The most important measure of inflation in the UK, and internationally, is the CPI. Used as the UK’s official inflation yardstick, it’s worked out by measuring the price of a typical ‘basket’ of goods and services we use in our everyday lives.


This basket includes everything from the price of a loaf of bread to how much an e-book costs and is determined by the annual Family Expenditure Survey, which is completed by 6,000 people and determines the percentage of people’s incomes that are spent on different things. It changes every year, with items added or taken away to better reflect current shopping habits.

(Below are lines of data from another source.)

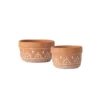 SULLIVANS Orange Cement Dish Garden Pot (Set of 2) -Outdoor Plant Life orange sullivans plant pots cmt1181 64 1000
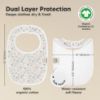 Picture of 8-Pack Organic Baby Bibs for Boys, Girls - Soft Cotton Drooling and Teething Bibs for Baby Girl & Boy, Extra Absorbent, Easy To Clean & Put On for Toddler, Newborn, Infant 0-24 Months (Prairie)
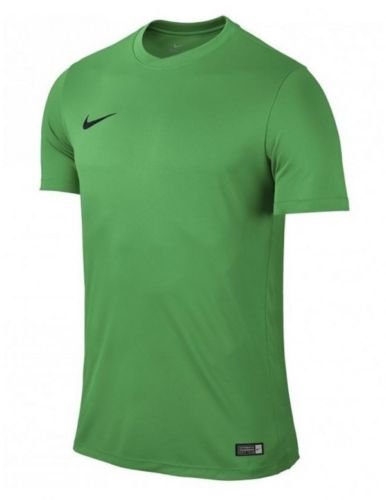 Nike Park VI Camiseta de Manga Corta para hombre, Verde (Hyper Verde/Black), L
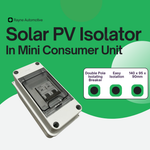 Solar PV Isolator Switch In Mini Consumer Unit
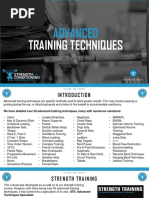 Advanced Training Techniques - FREE EBOOK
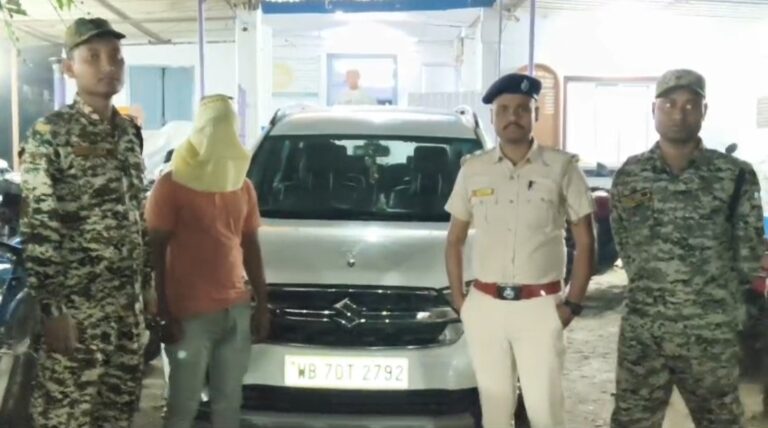 চুরি হওয়া গাড়ি উদ্ধার, ড্রাইভার গ্রেফতার জটেশ্বর ফাঁড়ির পুলিশের।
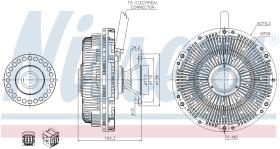 Nissens 86197 - VENTILADOR CLUTCH DAF CF(13-)410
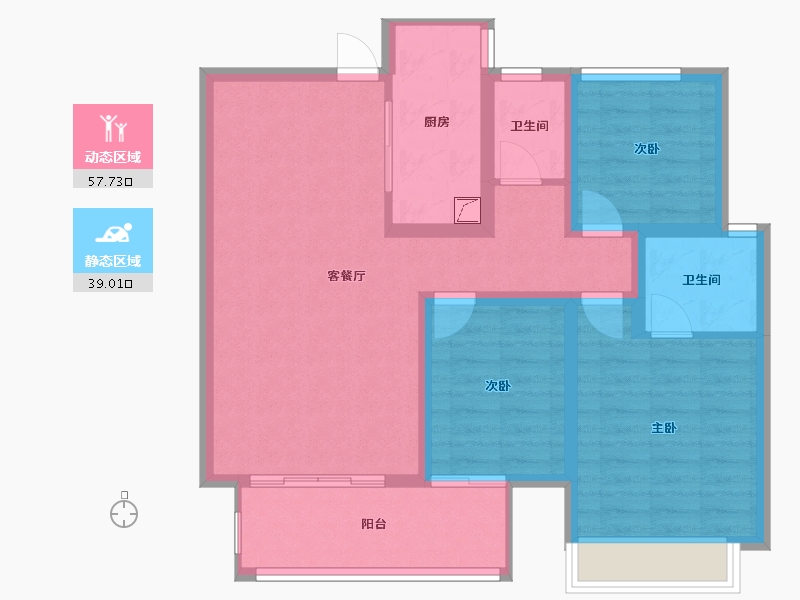 湖南省-衡阳市-西湖万象城-82.00-户型库-动静分区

This list often provides a fascinating insight into UK social trends. For example, in 2023, E-bikes, home security cameras and frozen berries have all been added, while non-Top 40 CDs, alcopops and digital cameras have been removed.

The ONS weights each product or service category depending on its importance to the average person’s budget. It means things that are integral to our lives, like food, have more of a bearing on the CPI rate than luxuries, such as alcohol.

In all, the ONS gathers 180,000 individual prices for more than 720 consumer goods and services every single month. These prices are collected in roughly 140 locations across the UK, as well as from the internet and over the phone.

Every year, the ONS measures inflation using a typical ‘basket’ of goods and services the average household spends money on (image: Adobe)Every year, the ONS measures inflation using a typical ‘basket’ of goods and services the average household spends money on (image: Adobe)
Every year, the ONS measures inflation using a typical ‘basket’ of goods and services the average household spends money on (image: Adobe)

Percentage increases in price are then multiplied by the weighting the particular product category has been given, which gives us a picture of how much of an impact it is having on consumer budgets. The September edition of the CPI tends to be especially important because the government uses it to judge how much state benefits should increase from the next financial year.

The ONS also calculates a version of the CPI that includes home owner occupier costs and council tax (CPIH). While it is a more comprehensive measure of overall inflation, it masks day-to-day consumer price changes because housing is given a huge weighting. It also makes it harder to make international comparisons, as the UK’s housing system is very different from those in other countries.


Alongside the CPI, the ONS also calculates inflation through the Retail Prices Index (RPI). However, it is not used for official purposes as, by international standards, it is seen as an inferior measurement to the CPI.

A train entering Central Station in Glasgow, Scotland in June 2022 (Pic: Getty Images)A train entering Central Station in Glasgow, Scotland in June 2022 (Pic: Getty Images)
A train entering Central Station in Glasgow, Scotland in June 2022 (Pic: Getty Images)

The reason why it is still calculated is because it provides a historical yardstick for how UK inflation has changed. This is because it was used for much of the twentieth century. RPI is still used to determine some UK prices, for example train tickets, mobile phone bills and some taxes, like alcohol duty. It fell to a rate of 11.4% in March 2023.

What does the current CPI mean?

The CPI rate was 8.7% in April 2023. What this means in practice is that the average price of goods and services cost 8.7% more than in April 2022. In real terms, an item that cost £1 last year now costs an average of £1.09 (when we round the figure up).

Ultimately, it means the purchasing power of the pounds in your pocket has diminished significantly since last year. This level of inflation builds on what was already a high rate of 9% in April 2022.